Aviation stakeholders have expressed worry over the quality of aviation fuel airlines use locally, especially its exposure to contaminants within the supply chain. The concern is not unconnected with recent findings that linked some air crashes and contaminated fuel. Again, some of the recommendations that emerged from the accident investigations have not been implemented.
Meeting recently at a conference on prevention of human factors in air accident occurrences, organised by the Accident Investigation Bureau (AIB) Nigeria, in partnership with the League of Aviation and Airports Correspondents (LAAC), experts were displeased that aviation fuel supply was still not well monitored by concerned regulators.
Secretary-General of the Aviation Safety Round Table Initiative (ASRTI), Group Capt. John Ojikutu, said the concerns were not new, as local operators and European Union Civil Aviation Authority (EUCAA), on behalf of European carriers flying to Nigeria, had reported contamination in fuel that they bought in Nigeria.
Ojikutu said that twice, the AIB Committee on the implementation of safety recommendations visited the Nigerian National Petroleum Corporation (NNPC), and Department of Petroleum Resources (DPR), to figure out their response to the safety recommendations.
“The DPR told the committee that they could only guarantee the quality of fuel that leaves their depot for the airports but not the delivery. They, however, advised the marketers under Joint Unified Hydrant Installation (JUHI), to establish a test laboratory. But JUHI had claimed it had no funds to establish the required laboratory.
“The safety question to ask is: how would the AIB and DPR safety recommendations be complied with? The NCAA, as the civil aviation authority, should urgently get itself involved to ensure JUHI complies with the DPR recommendations,” Ojikutu said.
The former Commandant of the Lagos Airport was particularly worried about how the authorities could exercise safety oversight and quality assurance on about 200 trucks that transport Jet A1 between depots and airports.
He observed that trucks came into the fuel supply chain when pipelines that supplied fuel to the airport ruptured in 1992. Since then, there has been no appreciable effort from the NNPC to repair them.
Meanwhile, there had been repair proposals to the NNPC to partner with JUHI to repair the pipelines. Also, there was a proposal for JUHI and airlines to jointly repair the pipelines. Or that the repair, operation of the pipelines and hydrants is given as concession to a private company for a period of 20 to 30 years.
“Except the repairs are done or the NNPC/DPR and the NCAA enforce quality assurance on JUHI, the contamination through truck tankers transportation that have caused not less than eight serious incidents could begin resulting into serious accidents in future or even now.
“Although it has not been officially confirmed, many industry observers believed that the flameout of one engine of the Dana plane that crashed in 2012, 17 minutes after takeoff from Abuja, could also have been as a result of contamination of fuel. A stitch in time saves lives,” Ojikutu said.
Indeed, the fresh concern is not unconnected with the recent spike in air crashes globally.
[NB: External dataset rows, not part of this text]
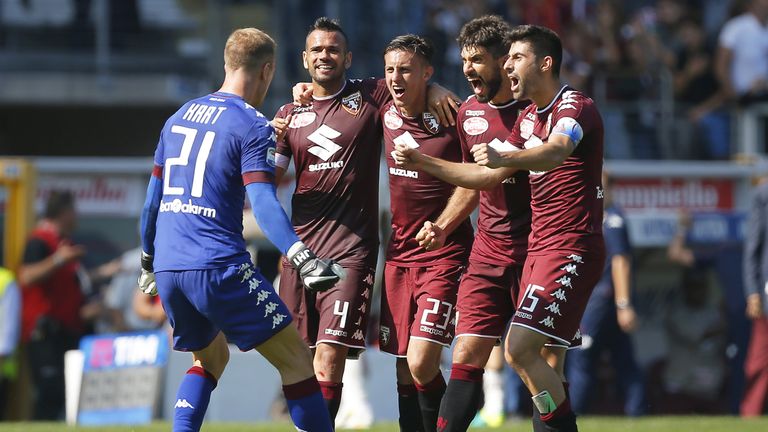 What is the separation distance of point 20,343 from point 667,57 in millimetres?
10180

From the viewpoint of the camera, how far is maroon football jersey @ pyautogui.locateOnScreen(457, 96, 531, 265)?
8.23 meters

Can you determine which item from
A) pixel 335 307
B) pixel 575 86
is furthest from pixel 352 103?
pixel 575 86

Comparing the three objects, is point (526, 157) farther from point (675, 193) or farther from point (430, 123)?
point (675, 193)

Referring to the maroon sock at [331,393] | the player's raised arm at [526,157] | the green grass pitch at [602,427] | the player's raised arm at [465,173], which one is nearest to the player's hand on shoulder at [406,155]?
the player's raised arm at [465,173]

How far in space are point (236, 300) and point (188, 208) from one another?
1.84 ft

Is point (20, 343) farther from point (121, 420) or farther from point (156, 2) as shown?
point (156, 2)

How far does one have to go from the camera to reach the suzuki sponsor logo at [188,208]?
23.7 feet

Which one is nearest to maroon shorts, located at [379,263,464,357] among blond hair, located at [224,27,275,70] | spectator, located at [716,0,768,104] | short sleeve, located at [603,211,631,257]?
blond hair, located at [224,27,275,70]

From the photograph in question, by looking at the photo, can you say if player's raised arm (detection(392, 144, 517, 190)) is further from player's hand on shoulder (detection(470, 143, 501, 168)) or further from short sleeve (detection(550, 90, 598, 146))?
player's hand on shoulder (detection(470, 143, 501, 168))

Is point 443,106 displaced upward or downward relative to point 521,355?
upward

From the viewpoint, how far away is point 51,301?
46.1ft

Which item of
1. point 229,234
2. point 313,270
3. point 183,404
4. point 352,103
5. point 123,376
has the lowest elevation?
point 123,376

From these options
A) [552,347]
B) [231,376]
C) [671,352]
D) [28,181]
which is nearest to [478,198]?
[552,347]

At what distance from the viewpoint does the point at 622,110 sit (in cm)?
1831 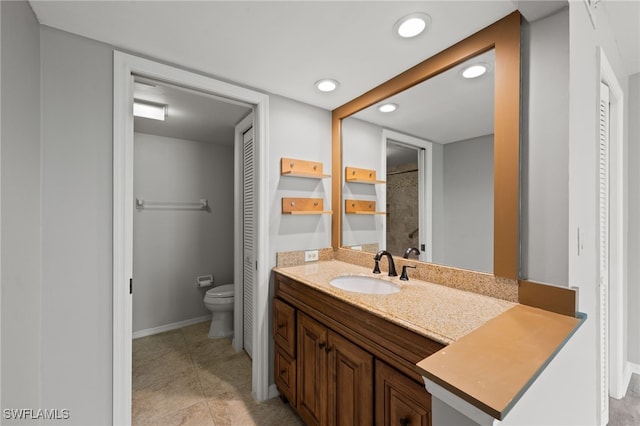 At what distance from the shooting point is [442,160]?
1.58 meters

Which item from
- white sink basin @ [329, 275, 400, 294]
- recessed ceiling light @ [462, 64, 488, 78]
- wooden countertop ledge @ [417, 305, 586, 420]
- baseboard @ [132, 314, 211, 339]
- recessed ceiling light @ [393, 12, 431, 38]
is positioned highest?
recessed ceiling light @ [393, 12, 431, 38]

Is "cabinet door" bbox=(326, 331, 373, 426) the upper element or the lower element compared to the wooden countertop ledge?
lower

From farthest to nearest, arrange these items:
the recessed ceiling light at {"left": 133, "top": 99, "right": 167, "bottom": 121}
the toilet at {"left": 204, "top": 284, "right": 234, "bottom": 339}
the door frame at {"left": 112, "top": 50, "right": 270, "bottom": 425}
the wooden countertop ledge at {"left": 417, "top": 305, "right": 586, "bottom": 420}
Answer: the toilet at {"left": 204, "top": 284, "right": 234, "bottom": 339}, the recessed ceiling light at {"left": 133, "top": 99, "right": 167, "bottom": 121}, the door frame at {"left": 112, "top": 50, "right": 270, "bottom": 425}, the wooden countertop ledge at {"left": 417, "top": 305, "right": 586, "bottom": 420}

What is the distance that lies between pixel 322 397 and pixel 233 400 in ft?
2.93

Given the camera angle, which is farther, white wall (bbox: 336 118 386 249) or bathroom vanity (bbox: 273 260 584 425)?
white wall (bbox: 336 118 386 249)

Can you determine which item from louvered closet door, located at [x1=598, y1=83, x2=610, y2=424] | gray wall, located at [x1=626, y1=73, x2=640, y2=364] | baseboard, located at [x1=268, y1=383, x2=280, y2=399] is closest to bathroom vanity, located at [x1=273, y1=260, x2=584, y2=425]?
baseboard, located at [x1=268, y1=383, x2=280, y2=399]

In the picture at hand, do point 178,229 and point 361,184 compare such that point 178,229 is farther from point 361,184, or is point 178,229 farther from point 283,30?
point 283,30

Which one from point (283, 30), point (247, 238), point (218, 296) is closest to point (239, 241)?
point (247, 238)

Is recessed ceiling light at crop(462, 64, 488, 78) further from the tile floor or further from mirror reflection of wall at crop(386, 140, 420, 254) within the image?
the tile floor

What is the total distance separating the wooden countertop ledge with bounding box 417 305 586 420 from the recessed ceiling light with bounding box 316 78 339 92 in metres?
1.63

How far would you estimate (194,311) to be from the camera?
3250 mm

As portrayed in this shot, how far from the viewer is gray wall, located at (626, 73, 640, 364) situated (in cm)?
202

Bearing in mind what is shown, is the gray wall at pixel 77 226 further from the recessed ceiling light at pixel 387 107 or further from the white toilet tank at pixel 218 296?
the recessed ceiling light at pixel 387 107

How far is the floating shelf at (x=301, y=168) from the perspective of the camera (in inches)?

Nigeria also had its share of fatal plane crashes when a Quorum Aviation helicopter crashed in Opebi, Lagos, in August 2020, smashing the industry’s record of five-year of zero fatality.
A review of the International Civil Aviation Organisation (ICAO) Safety Report of 2020 shows that in 2019, globally there were a total of 114 aviation accidents, six of which were fatal with 239 fatalities.
Director-General (DG) of the NCAA, Capt. Musa Nuhu, observed that the 2019 global accident rate of 2.9 accidents per million departures was the highest in the previous five years and represents an increase of 12 per cent from the year 2018 figure.
“The same ICAO report shows that the African Indian Ocean (AFI) Region, to which Nigeria belongs, recorded an accident rate of 2.8 accidents per million departures, though with one of the least estimated departures of 1,440, 701 departures, representing only 3.8 per cent share of total global traffic. This is one of the highest accidents rates per region globally,” Nuhu said.
Former DG of the NCAA, Dr. Harold Demuren, added that aviation authorities and operators would have to pay more attention to a number of factors, including quality of fuel supply, to reduce mishaps.
Demuren, however, said DPR has exclusive regulatory right to fuel and is currently beyond the statutory functions of the NCAA. He advised that the AIB should rather engage the DPR more on aviation industry’s expectations and enhancement of quality assurance.